“No.” Devlin whispered.
            “Devlin, listen—“ he clamped Devlin’s arms to his sides to hold him there. Devlin fought to get free but the man was very strong. “Barbarans do not use daggers!”
            “No!” Devlin pushed him away. “You do injustice to his honour and his memory!” Devlin argued. He could not believe that his own men would turn on him. They had fought, ate and drank together. He knew many by name. Of course there had been clashes between some people, but that was to be expected, though not enough to warrant killing a man. Everyone in that army were united under one idea, their confidence and admiration which they shared in their Captain.
            “I seek to avenge him!” Garrett grabbed his arm, pulling him into a corner, away from the eyes still prying. “Tell me, if you thought as I do now, would you not do the same?” He breathed. If he allowed himself to believe Garrett that Damyen had been murdered, he would not stop until he found that killer. Garrett had the right of it. Devlin nodded. “You think I would speak of this to you if I was not sure of myself?” He continued. Once again, Devlin nodded. “And I am, I am quite certain of it. Captain Damyen was murdered, Devlin.”
            There was silence between them for some time, and the tumult of the crowd threatened to drown them. The musician still played. For a bard he was good. The way he strummed his harp was quite masterful. He sang The Melody of the Night. Some old song about the squabble between Lords to become King. It was named that because the Tawnitons had won, the bearers of the owl, and for a very long time now, they had held the throne with vast success.
            “Why are you telling me?” Devlin could understand that Garrett would tell him, but not why.
            “I needed your memory of that moment. I needed that to give me clarity—“
            “—did it? Have you gotten the clarity you crave?” Devlin murmured.
            “No. Answers beget questions, it would seem.” He let out a long breath and Devin continued to watch him with intent. “But also, I need your help.” He seemed to almost be begging now, speaking as if he were in a fever. It truly was as if he had lost a son.

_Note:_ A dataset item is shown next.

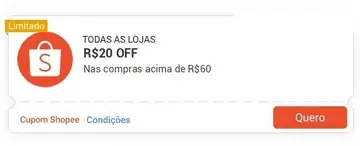 🎟 Código: S1NT0CH31R0D3CUP0M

            A Captain could come from anywhere in their life, aged with a hundred children, or young with little hair on their body or experience in their head, as long as they showed the prodigious qualities that were required: Strength at arms, skill in tactics and the qualities of leadership far beyond those of a mediocre soldier. When a Captain retired, it was by death or when they were let go by their King on good grounds. They often retired to a large fort and some land. If they did not have a wife, they would certainly gain one, being favoured by Kings was a sign of rising prosperity in the House.
            Captain Garrett had been just that since he was sixteen, prior to Damyen, he had been the youngest. Now he was somewhere in his fourties, no man had served longer as a Captain than he, for hundreds of years. He had no children, when you became a Captain you had to put aside your family until you retired. Maybe it was the one thing the old man now regretted, he had no legacy of his own. Although, it was never a surety that a son would replace his father as Captain, it was more than likely, especially if the father taught his son well, but a retired Captain held his position in his family for eternity, as the oath decreed. Devlin suddenly felt sorry for him.